* [Action item]
Nothing in the data should change when you return it, but leave the pictures out.

* [Supplied information]
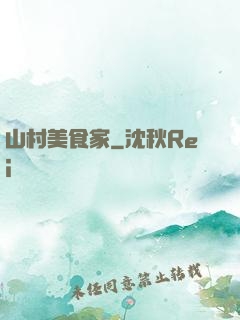 山村美食家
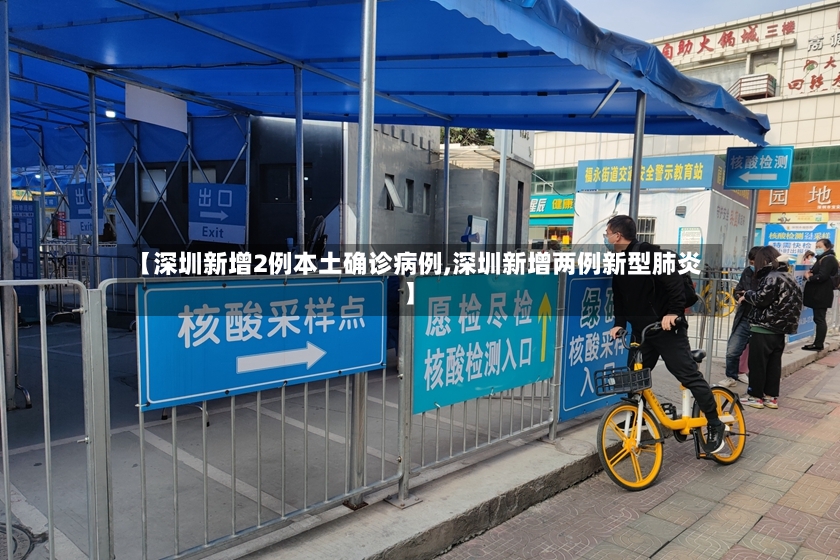 【深圳新增2例本土确诊病例,深圳新增两例新型肺炎】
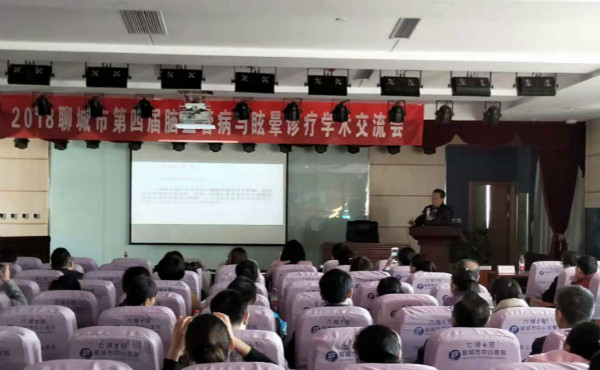 2018聊城市第四屆腦血管與眩暈診療學(xué)術(shù)會(huì) (1)_meitu_1.jpg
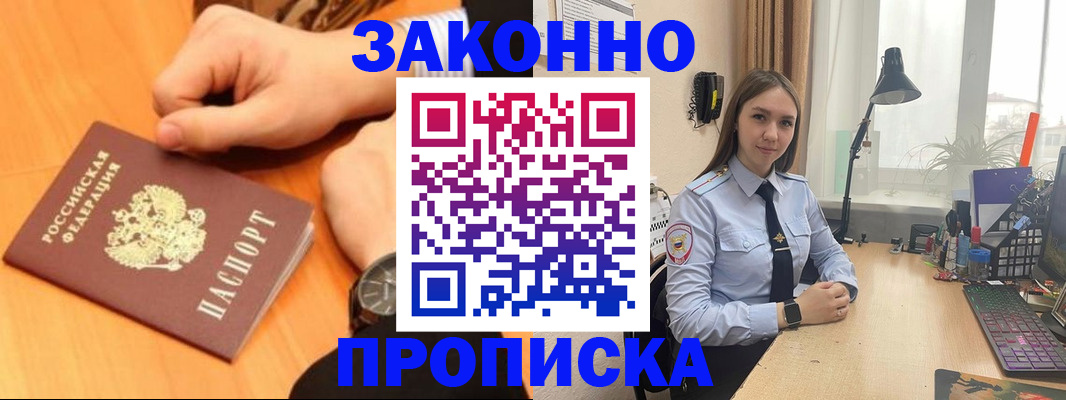 временная регистрация купить в Белореченске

* [Output for this task]
 山村美食家
 【深圳新增2例本土确诊病例,深圳新增两例新型肺炎】
 2018聊城市第四屆腦血管與眩暈診療學(xué)術(shù)會(huì) (1)_meitu_1.jpg
 временная регистрация купить в Белореченске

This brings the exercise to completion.